*Aim of the exercise:* Under this line is a listing; return exactly the lines starting at the one with "ヒメ日記 2025/04/20 19:25 投稿 みみ 花火-hanabi-(すすきの)" and running down to the one with "Paint the Sky With Stars - CD - Preview", and leave out its pictures.

*Data shown:*
------------------------------

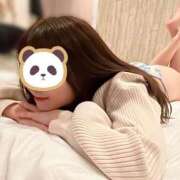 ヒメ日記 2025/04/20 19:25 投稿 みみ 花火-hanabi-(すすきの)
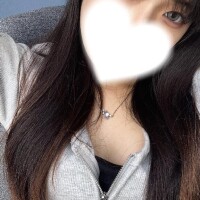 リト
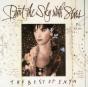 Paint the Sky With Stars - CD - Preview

------------------------------

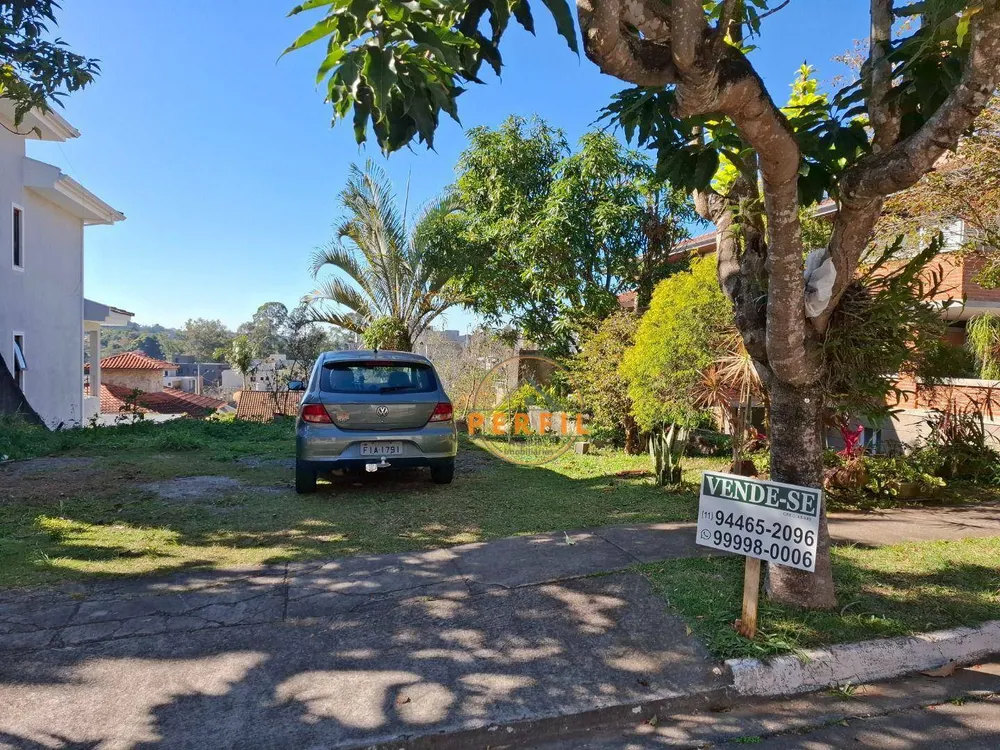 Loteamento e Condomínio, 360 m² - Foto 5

------------------------------

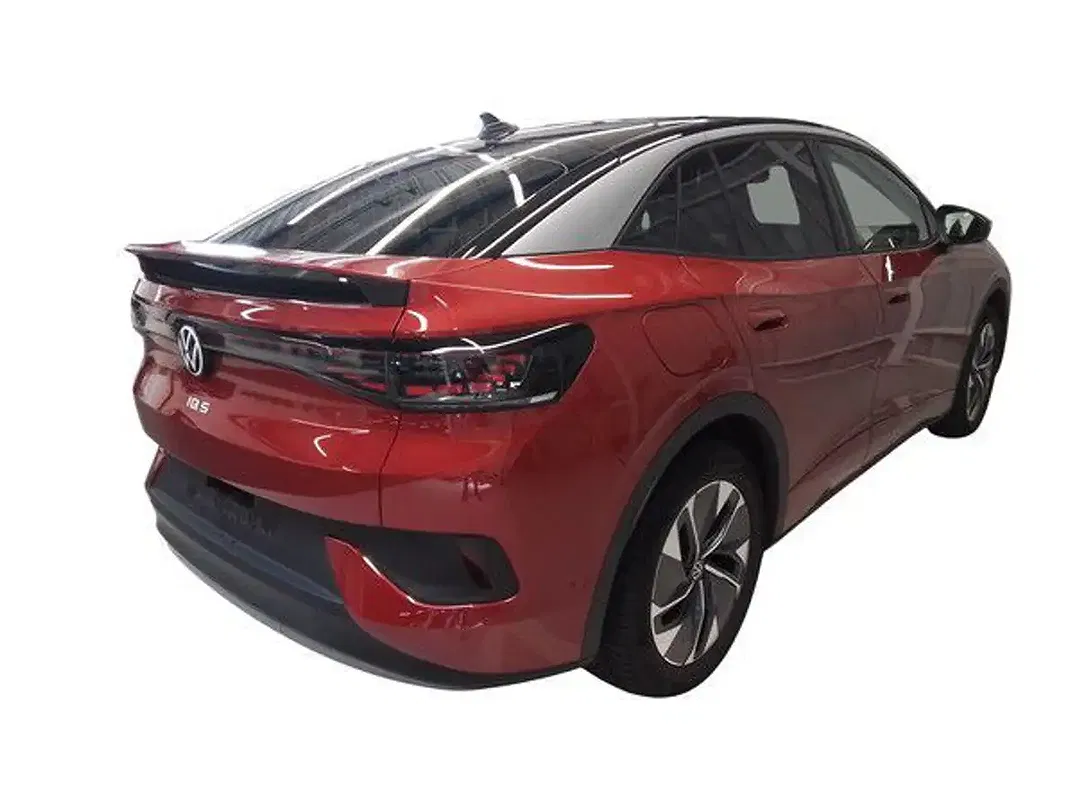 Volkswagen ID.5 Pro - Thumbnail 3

------------------------------

*Response to the task:*
 ヒメ日記 2025/04/20 19:25 投稿 みみ 花火-hanabi-(すすきの)
 リト
 Paint the Sky With Stars - CD - Preview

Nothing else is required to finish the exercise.